** Records for processing follows **

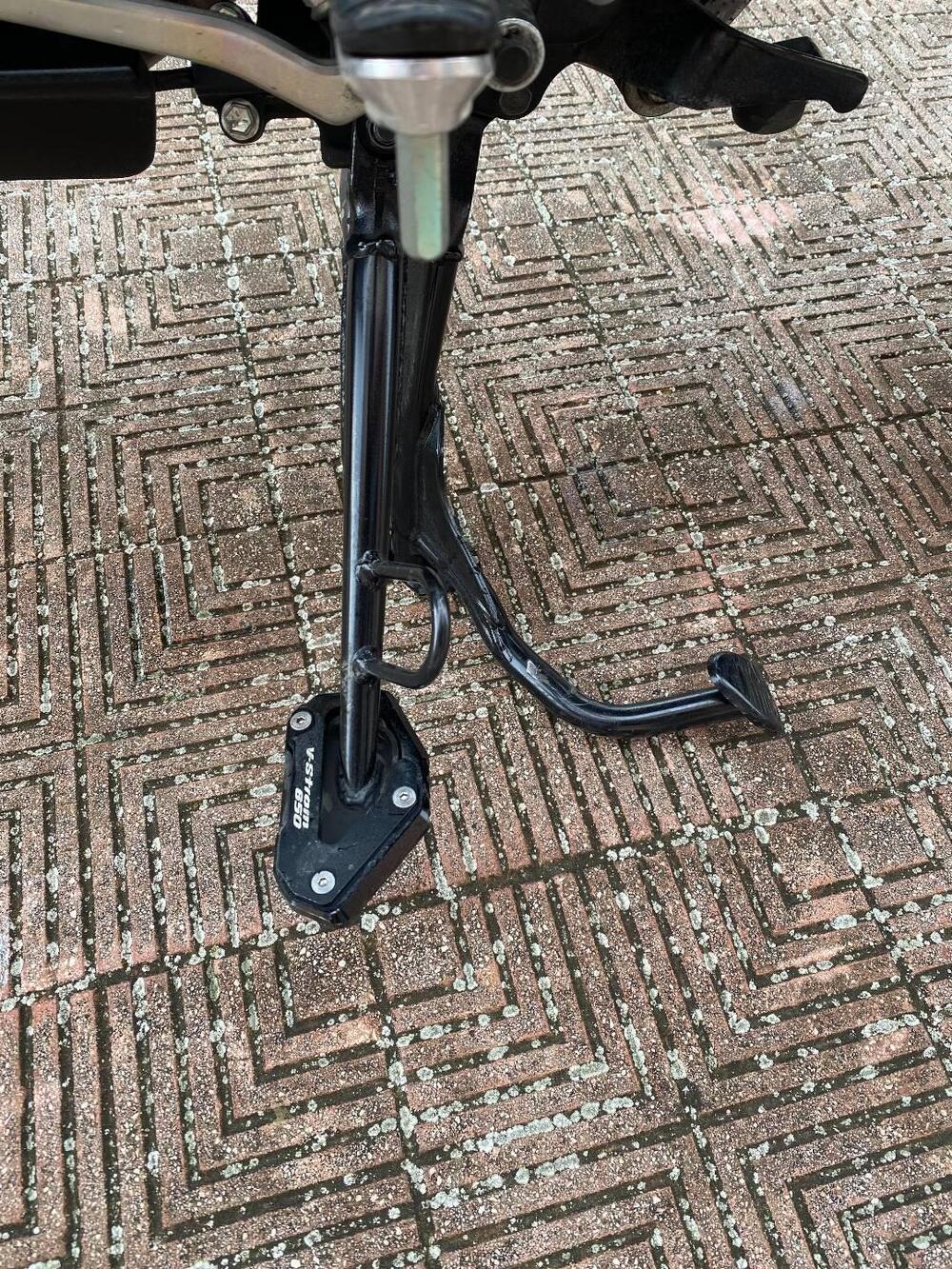 Suzuki V-Strom 650 (2021 - 25) (9)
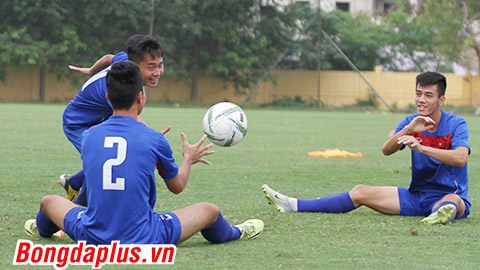 Minh Dĩ khổ sở với trò chơi mới của U20 Việt Nam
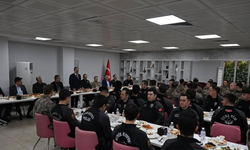 Şırnak Protokolü Sahurda Polislerle Buluştu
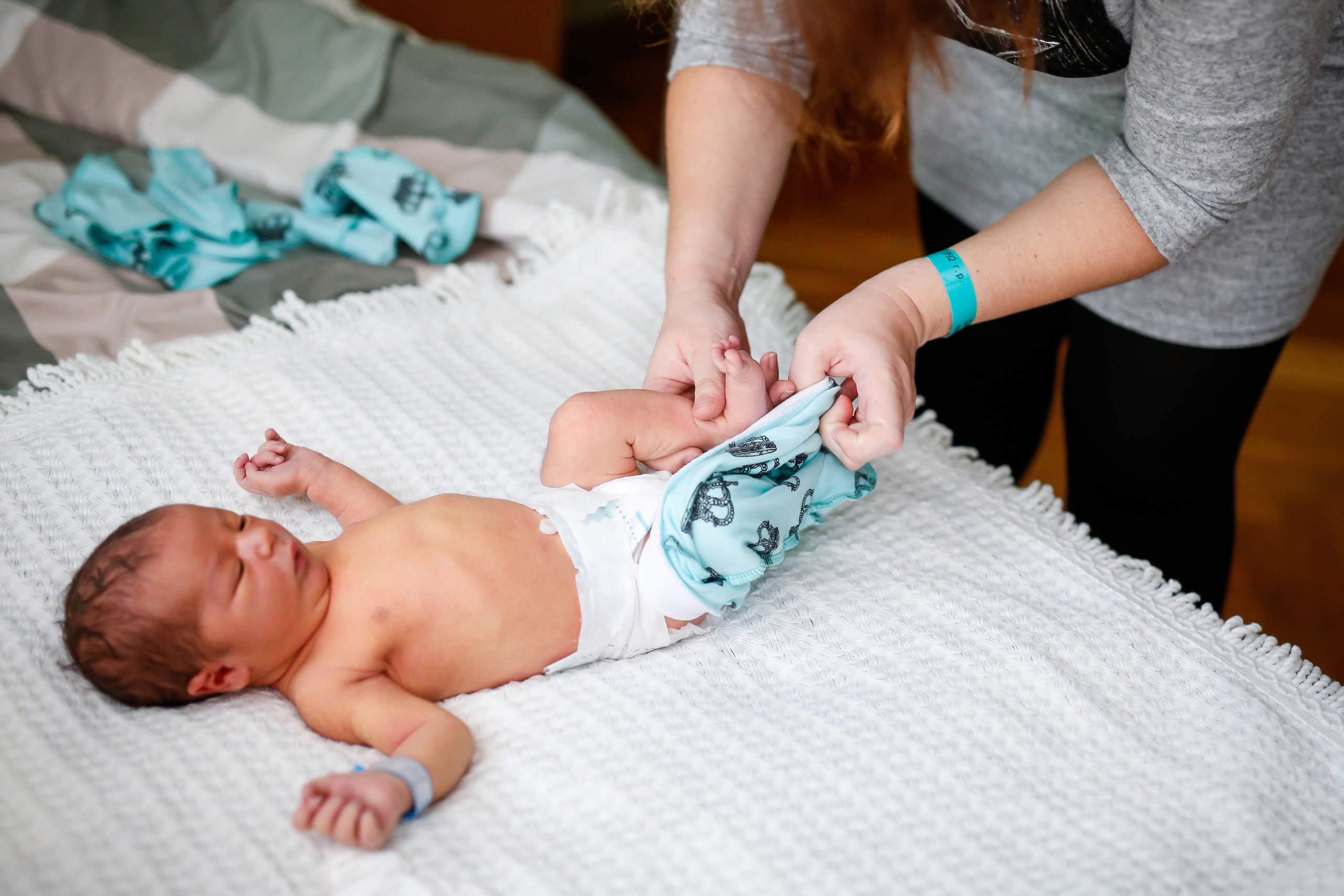 Выписка малыша. НЦАГиП. Отбасылық фотограф Алена Шаталова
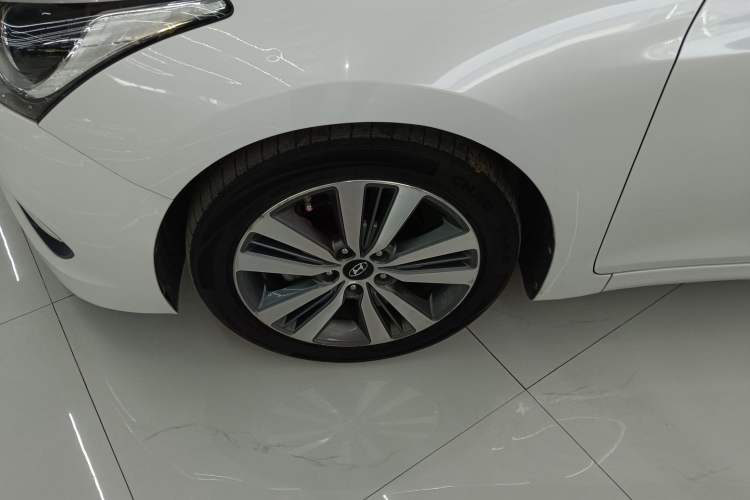 Used Hyundai Mistra 2016 1.8L Automatic Deluxe DLX Model Left Front Wheel Hub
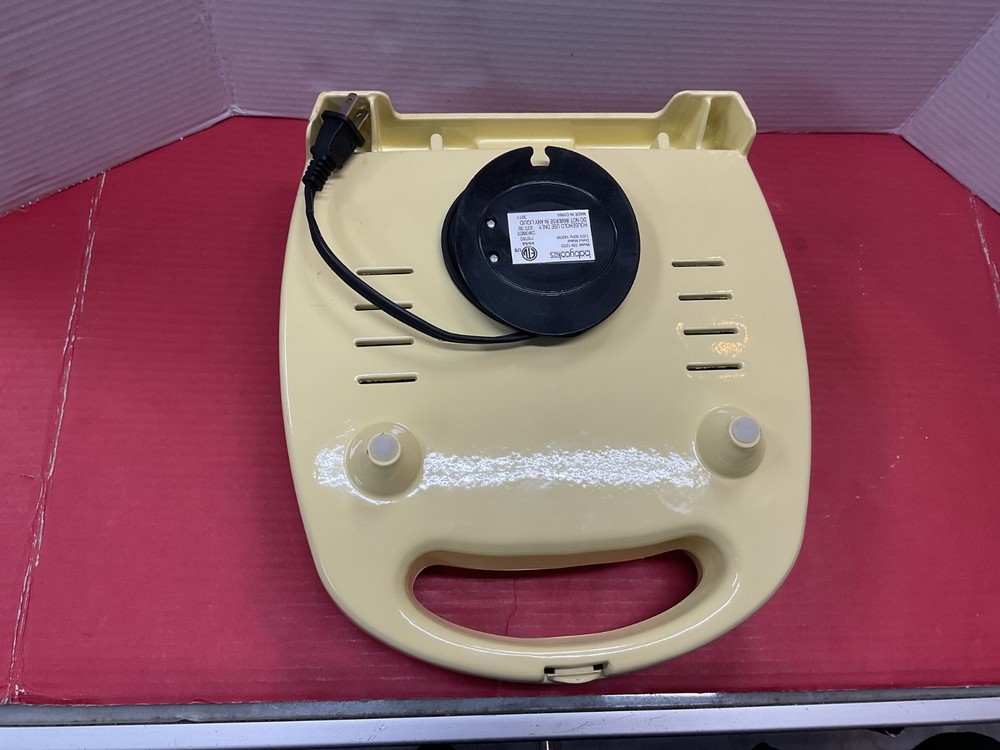 baby cakes donut maker 12 used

** End of Records for processing **

**Exercise objective**
Nothing but the lines from the line containing "Şırnak Protokolü Sahurda Polislerle Buluştu" through the end of the records belongs in the answer, written out exactly, both ends included, without pictures.

**Written response**
 Şırnak Protokolü Sahurda Polislerle Buluştu
 Выписка малыша. НЦАГиП. Отбасылық фотограф Алена Шаталова
 Used Hyundai Mistra 2016 1.8L Automatic Deluxe DLX Model Left Front Wheel Hub
 baby cakes donut maker 12 used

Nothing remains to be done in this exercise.